The entire work’s engineering a la Pinker relies on this concept. For example, ‘”I wish you would bring it [an umbrella] out here, and walk up and down with it, and look up at me every now and then, and say ‘Tut-tut, it looks like rain.’ I think, if you did that, it would help the deception which we are practising on these bees.”‘ This is another example that shows the inner workings of a child, though perhaps even more fanciful and magical than reality. Christopher Robin is imagining all of Pooh’s adventures, so bringing them to life is a magical experience for the boy, and thus the writing reflects this increased magic.

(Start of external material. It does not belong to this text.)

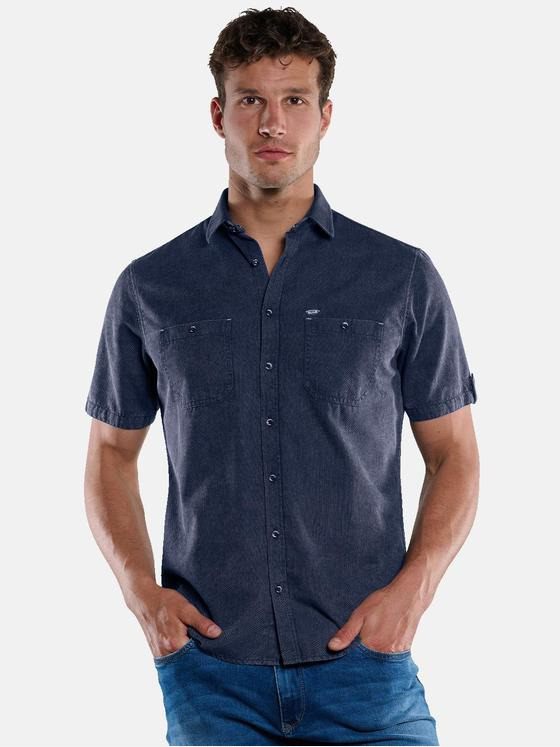 engbers Herren Kurzarm-Hemd uni Blau 33439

Another way this is done is just through extra details. The writing is long and meandering, but in a way that’s nostalgic and cute. For example,
‘EDWARD BEAR, known to his friends as Winnie-the-Pooh, or Pooh for short, was walking through the forest one day, humming proudly to himself. He had made up a little hum that very morning, as he was doing his Stoutness Exercises in front of the glass: Tra-la-la, tra-la-la, as he stretched up as high as he could go, and then Tra-la-la, tra-la — oh, help! — la, as he tried to reach his toes. After breakfast he had said it over and over to himself until he had learnt it off by heart, and now he was humming it right through, properly. It went like this:
First, we find out that Pooh’s real name is Edward Bear. This works by giving the audience a delightfully unexpected piece of crucial character development already part of the way in, not only pleasantly surprising us but showing us that it’s not that important, that nothing is that important, that this story is meant to be just that, a fun story. It also slows everything down for the reader. This is partly achieved by what I just described: everything seems to be going slower, the linear plot of the story is blurred, and thus it becomes a story that is meant for enjoyment, not for reading. It is also done through the passage’s lengthy sentences. In my mind, there’s a metaphorical breeze streaming through the summer sky, and that breeze is the writing itself. It’s long, but you want it to be long, it improves it. Just as before, this passage also illustrates the thought process of a young child, and paints a vivid picture of Pooh’s day-to-day life. Finally, the fully written out hum also fully achieves what I’ve just written out: it slows down the reader, it shows the mind of a child, and it improves the reading experience (only in my humble opinion, of course).